Direction-aware 3D Large Multimodal Models
作者: Quan Liu, Weihao Xuan, Junjue Wang, Naoto Yokoya, Ling Shao, Shijian Lu
分类: cs.CV
发布日期: 2026-02-22
备注: In Proceedings of the IEEE/CVF Conference on Computer Vision and Pattern Recognition (CVPR), 2026
💡 一句话要点
提出方向感知的3D大规模多模态模型以解决缺乏自我姿态的问题
🎯 匹配领域: 支柱九:具身大模型 (Embodied Foundation Models)
关键词: 方向感知 3D多模态模型 自我姿态 空间推理 点云数据 PoseRecover PoseAlign
📋 核心要点
- 现有的3D大规模多模态模型在处理方向性查询时缺乏自我姿态,导致模型性能受限。
- 本文提出PoseRecover和PoseAlign两个模块,自动识别自我姿态并将点云数据与之对齐,提升模型的方向感知能力。

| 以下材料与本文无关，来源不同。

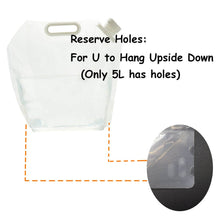 FLYTOP Collapsible Emergency Water Jug Container Bag, Freezable, BPA Free Plastic Water Carrier Tank, Outdoor Folding Water Bag for Sport Camping Riding Mountaineer(10 Liters).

- 实验显示,所提方法在多个基准上显著提升了性能,如ScanRefer mIoU提高30.0%,Scan2Cap LLM-as-judge准确率提高11.7%。
📝 摘要(中文)
3D大规模多模态模型(3D LMMs)在实现方向性问答和空间推理时,严重依赖自我姿态。然而,现有的点云基准虽然包含丰富的方向性查询,却缺乏相应的自我姿态,导致在3D大规模多模态建模中固有的不适定性。本文重新定义了一种新的严格范式,通过识别和补充自我姿态到点云基准中,并根据识别的自我姿态转换相应的点云数据,从而实现方向感知的3D LMMs。我们提出了两个新颖的设计:PoseRecover和PoseAlign,实验结果表明我们的设计在多个3D LMM骨干网络上均取得了一致的提升。
🔬 方法详解
问题定义:本文旨在解决现有3D大规模多模态模型在处理方向性查询时缺乏自我姿态的问题,导致模型在空间推理上的表现不佳。
核心思路:通过引入PoseRecover和PoseAlign模块,自动识别并补充自我姿态,从而使点云数据能够与自我姿态对齐,增强模型的方向感知能力。
技术框架:整体架构包括两个主要模块:PoseRecover用于从RGB-D视频的外部参数中自动恢复自我姿态,PoseAlign则负责将点云数据转换为与识别的自我姿态对齐的形式。
关键创新:PoseRecover通过物体-视锥体交集和Z-buffer可见性检查实现自我姿态的自动恢复,而PoseAlign则避免了将自我姿态注入文本提示或在投影层引入姿态编码特征的复杂性。
关键设计:在PoseRecover中,采用了RGB-D视频的外部参数进行姿态匹配,确保了高效性和准确性;PoseAlign则通过对点云数据进行几何变换,确保其与自我姿态的对齐,提升了模型的整体性能。
📊 实验亮点
实验结果表明,所提出的方法在多个3D LMM骨干网络上均取得了显著提升,ScanRefer的mIoU提高了30.0%,Scan2Cap的LLM-as-judge准确率提高了11.7%,展示了方法的有效性和广泛适用性。
🎯 应用场景
该研究的潜在应用领域包括增强现实、机器人导航和智能监控等,能够有效提升系统在复杂环境中的空间理解和交互能力。未来,该方法有望推动3D视觉理解和多模态交互的进一步发展。
📄 摘要(原文)
3D large multimodal models (3D LMMs) rely heavily on ego poses for enabling directional question-answering and spatial reasoning. However, most existing point cloud benchmarks contain rich directional queries but lack the corresponding ego poses, making them inherently ill-posed in 3D large multimodal modelling. In this work, we redefine a new and rigorous paradigm that enables direction-aware 3D LMMs by identifying and supplementing ego poses into point cloud benchmarks and transforming the corresponding point cloud data according to the identified ego poses. We enable direction-aware 3D LMMs with two novel designs. The first is PoseRecover, a fully automatic pose recovery pipeline that matches questions with ego poses from RGB-D video extrinsics via object-frustum intersection and visibility check with Z-buffers. The second is PoseAlign that transforms the point cloud data to be aligned with the identified ego poses instead of either injecting ego poses into textual prompts or introducing pose-encoded features in the projection layers. Extensive experiments show that our designs yield consistent improvements across multiple 3D LMM backbones such as LL3DA, LL3DA-SONATA, Chat-Scene, and 3D-LLAVA, improving ScanRefer mIoU by 30.0% and Scan2Cap LLM-as-judge accuracy by 11.7%. In addition, our approach is simple, generic, and training-efficient, requiring only instruction tuning while establishing a strong baseline for direction-aware 3D-LMMs.